By specific workload I mean the fraction of operations that are inserts, point queries and range reads. Note that if the workload has no range reads then an LSM might not be the best choice. By constraints on efficiency I mean the max write and space amplification that would be tolerated.
I decided to try constrained optimization and Lagrange Multipliers where the objective function was the average number of CPU comparisons per operation and the decision variables were the per-level fanouts for the LSM tree. In this case I am only optimizing for the CPU overhead, but I have to start somewhere. The eventual goal is to include CPU, memory and storage in the cost function.
I previously used Lagrange Multipliers to show how to set the per-level fanout to minimize write amplification. The result depends on assumptions about the per-level write amplification and this dependency is a new result but the previous result is that the per-level fanout should be the same for all levels. Here I show that CPU overhead can be reduced by using larger per-level fanouts for larger levels.
Summary:
- Books with titles like Math for Economists are a great resource for learning math
- Choosing a good value for the number of levels in the LSM tree is more significant than figuring out the optimal per-level fanouts.
- Take time to understand when a problem is, or is not, worth optimizing
Is this worth solving?
To minimize the CPU overhead of a workload it is much more important to choose the number of levels in the LSM tree and the per-level compaction algorithms (tiered, leveled, leveled-N) then it is to optimize the per-level fanout as I describe here. While the math I describe below isn't the best way to optimize an LSM, the math was interesting to me so this blog post lets me revisit my work.
In the cost function below the CPU cost of a read, Cr, is dominated by the size of the memtable. The per-level fanout values, f1 and f2, won't have a significant impact on the value of Cr. Therefore it isn't clear that it is worth figuring out the optimal values for the per-level fanout. By not significant assume that B=2^20 while f1 and f2 are likely to be <= 32. Then the contribution to Cr from B is 60 while the contribution from f1 and f2 are at most 15. For Ci, the cost of an insert, the contribution from B is likely to be similar to the contribution from f1 and f2.
The problem
The problem below has a nonlinear objective function, nonlinear equality constraint and simple inequality constraints.
Assume:
* LSM memtable, L1 and L2 where there are B entries in memtable, f1 is fanout from memtable to L1 and f2 is fanout from L1 to L2. There are B * f1 * f2 rows in the LSM.

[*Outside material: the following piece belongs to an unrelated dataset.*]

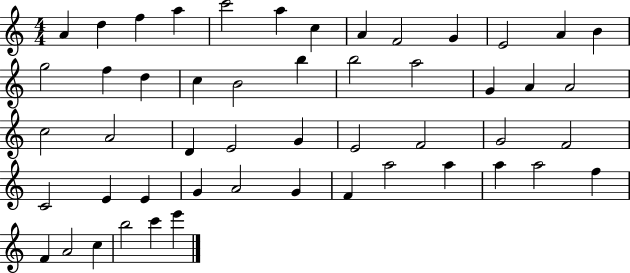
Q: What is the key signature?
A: C major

* Cost of read is Cr and cost of insert is Ci, both are the number of compares per operation. Bloom filter is not used and Ci includes compares for memtable insert and compaction.
* Fraction of reads and inserts in workloads is Pr and Pi where Pr + Pi = 1
* The value for X is somewhat arbitrary although X should be >= 2. B should be an integer but I ignore that for now.
Minimize Pr * Cr + Pi * Ci
such that B * f1 * f2 = K
and B >= X, B <= mK where m between 0 and 1
and f1 >= 2 and f2 >= 2
# compares per point-read without a bloom filter
# assume key is found in max level of LSM tree
Cr = memtable-cmp + l1-cmp + l2-cmp
Cr = log2(B) + log2(B*f1) + log2(B*f1*f2)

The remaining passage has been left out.